Sixty percent of steering committee members present had to support a candidate in order to award a LEAD endorsement.
“Only three people rose to the level that we felt was what we were looking for,” Mulvaney said.
The group backed Cady, a teacher and coach for 35 years in the Santa Monica-Malibu school system, in part because members felt it was important to have the perspective of an educator on the board, Mulvaney said. Members also liked the fact that he is a resident of Malibu, which currently lacks a representative on the school board.
“Mr. Cady possesses first-hand knowledge of school programs and policies that will be invaluable when matters involving classroom priorities, class size, and alternate instructional methods come before the school board,” she said.
Lieberman, a former co-chair of LEAD, won the group’s support “based on her long-standing commitment to quality public education in the school district, her fundraising leadership on the Measure A campaign, her legal and advocacy work in persuading the City Council to add Measure YY to the November Santa Monica ballot and her active participation in the SAMOHI Coalition,” according to a LEAD press release.

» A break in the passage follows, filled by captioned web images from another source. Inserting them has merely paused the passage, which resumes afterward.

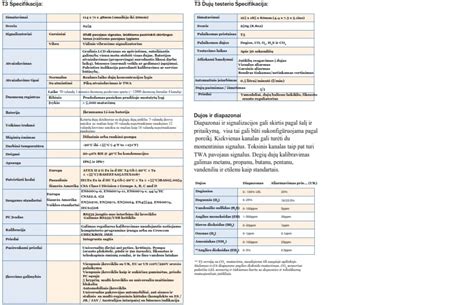 Image result for Python Tetra Detector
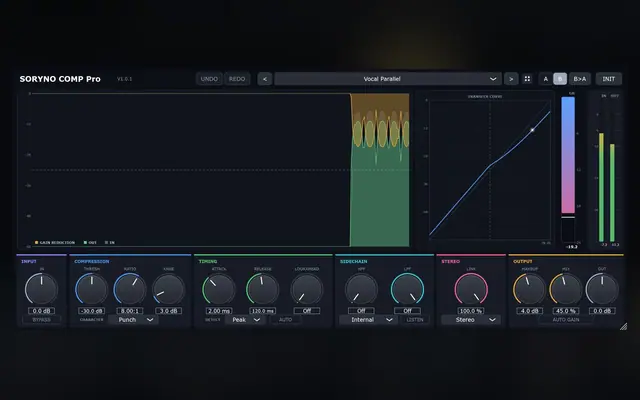 SORYNO plugin suite by Pinzu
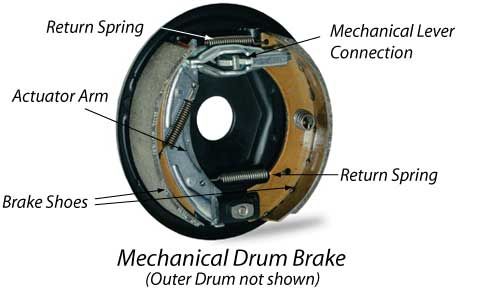 mechanical-drum-brake-parts.jpg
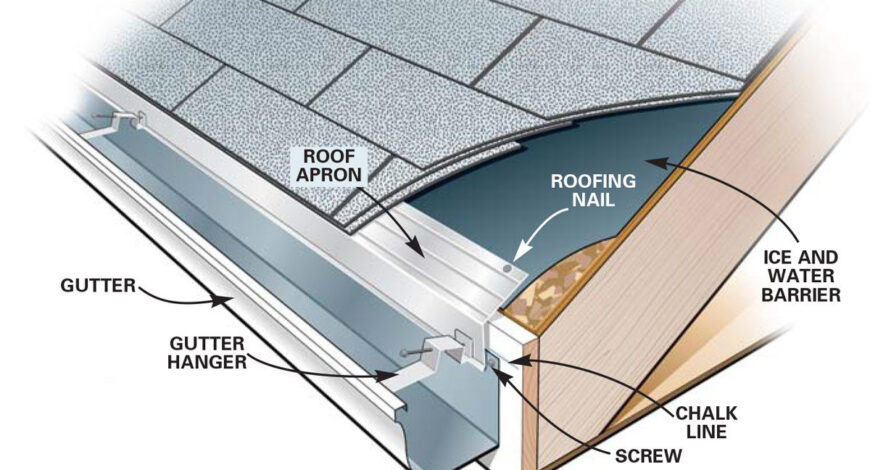 DIY Gutter Installation Tips for Homeowners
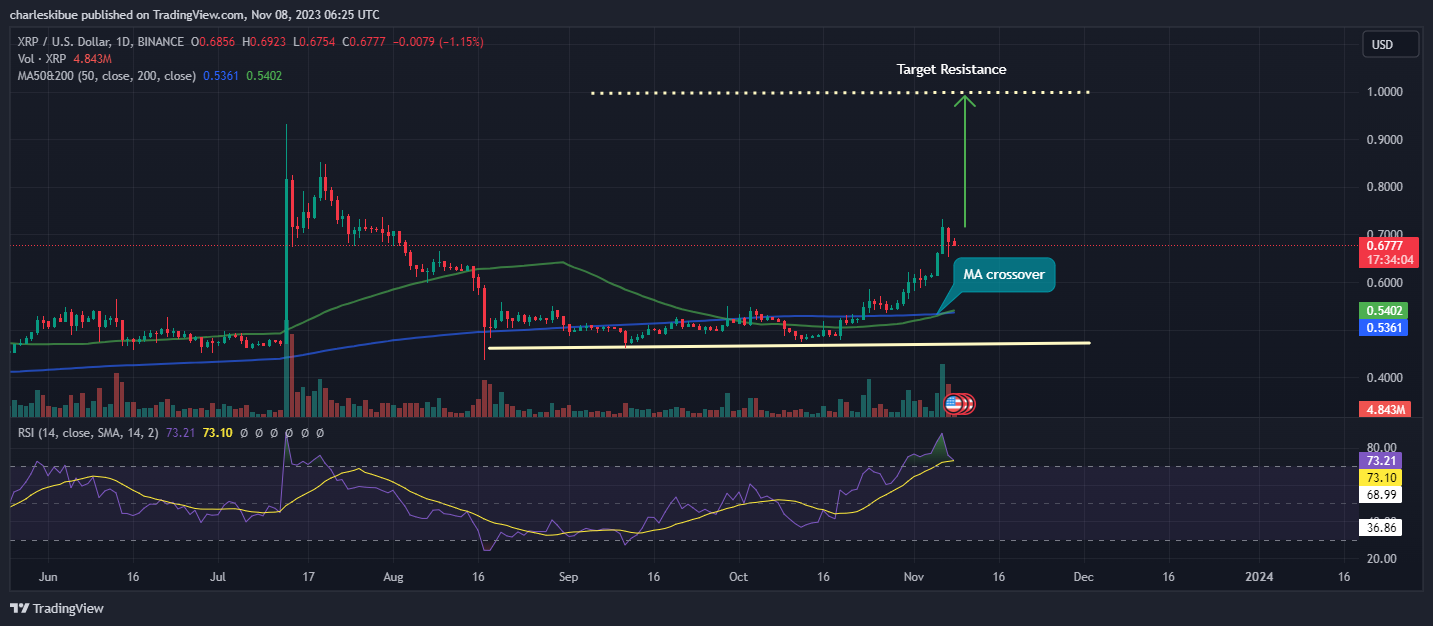 XRP PRICE Chart Analysis. Source: Tradingview.com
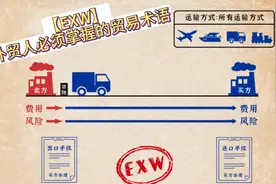 EXW | 外贸人必须掌握的国际贸易术语，你知道吗？
#国际贸易视频封面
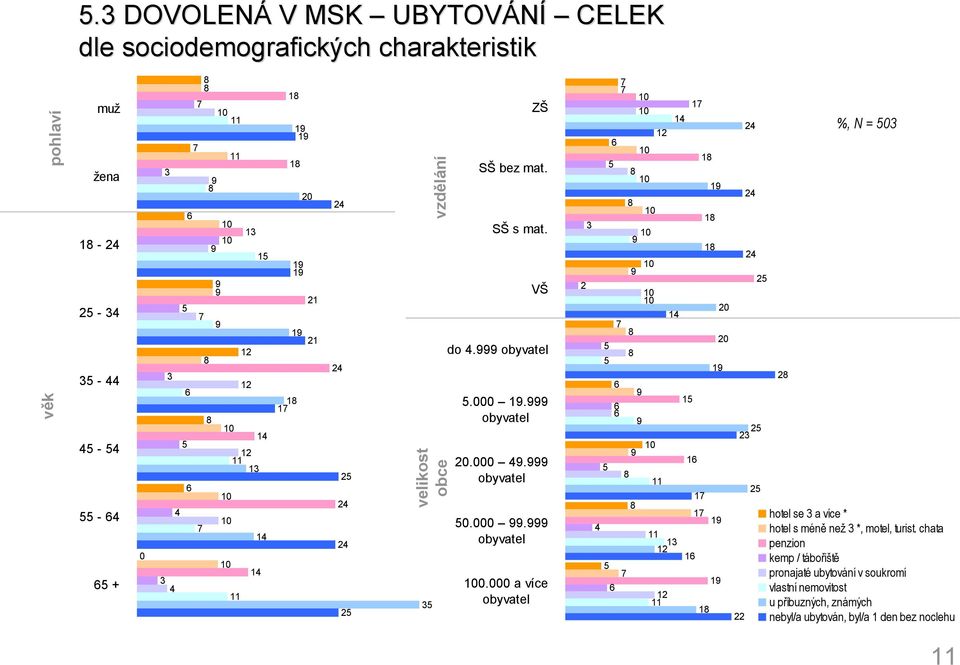 000. obyvatel 0.000. obyvatel 0.000 a více obyvatel 0 0 %, = 0 hotel se a více * hotel s méně než *, motel, turist.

LEAD credited Snell, the only incumbent to win the group’s support, with “having led the board of education effectively during a tumultuous period that included changes in district leadership, drastic state budget cuts [and] a failed parcel tax.”
“LEAD members viewed Mr. Snell as having reached out in important ways to connect with schools and their communities, and having been open to differing points of view,” the group’s press release stated.